**YOUR ASSIGNMENT:** Exactly as they stand, repeat the lines from the one containing "photo of Meatless" through the final line of the listing, both ends included, and nothing else; skip the pictures.

**DATASET EXTRACT:**
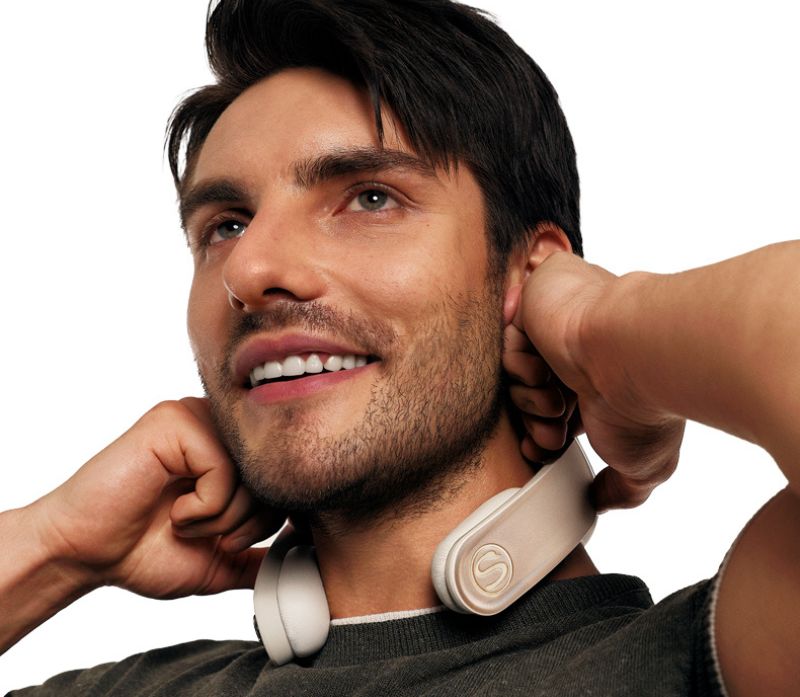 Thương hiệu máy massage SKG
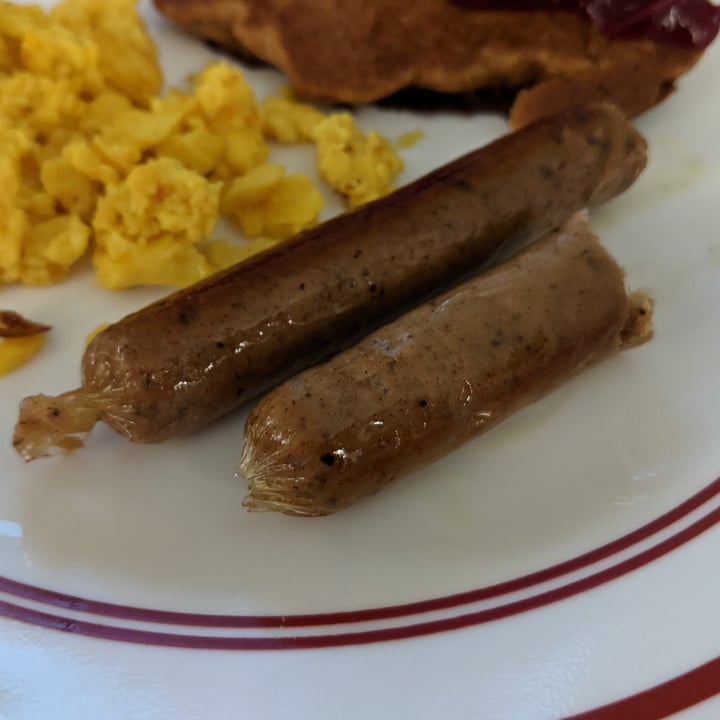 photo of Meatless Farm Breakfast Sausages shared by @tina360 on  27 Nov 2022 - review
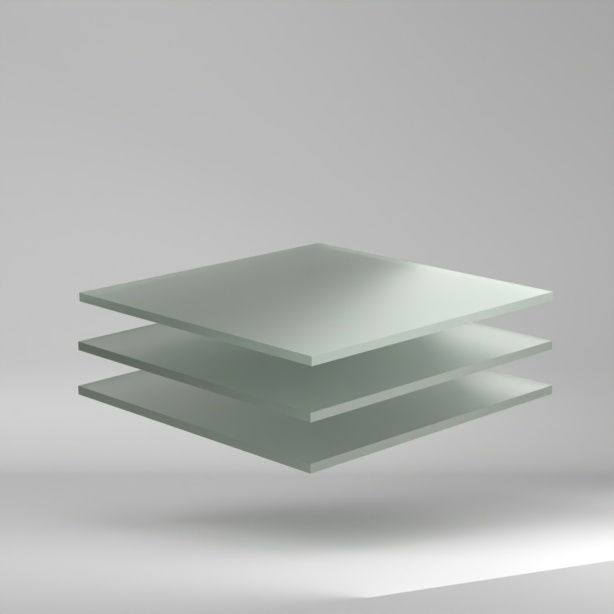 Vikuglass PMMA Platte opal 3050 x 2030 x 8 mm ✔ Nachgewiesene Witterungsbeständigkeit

**OUTPUT FOR THIS EXERCISE:**
 photo of Meatless Farm Breakfast Sausages shared by @tina360 on  27 Nov 2022 - review
 Vikuglass PMMA Platte opal 3050 x 2030 x 8 mm ✔ Nachgewiesene Witterungsbeständigkeit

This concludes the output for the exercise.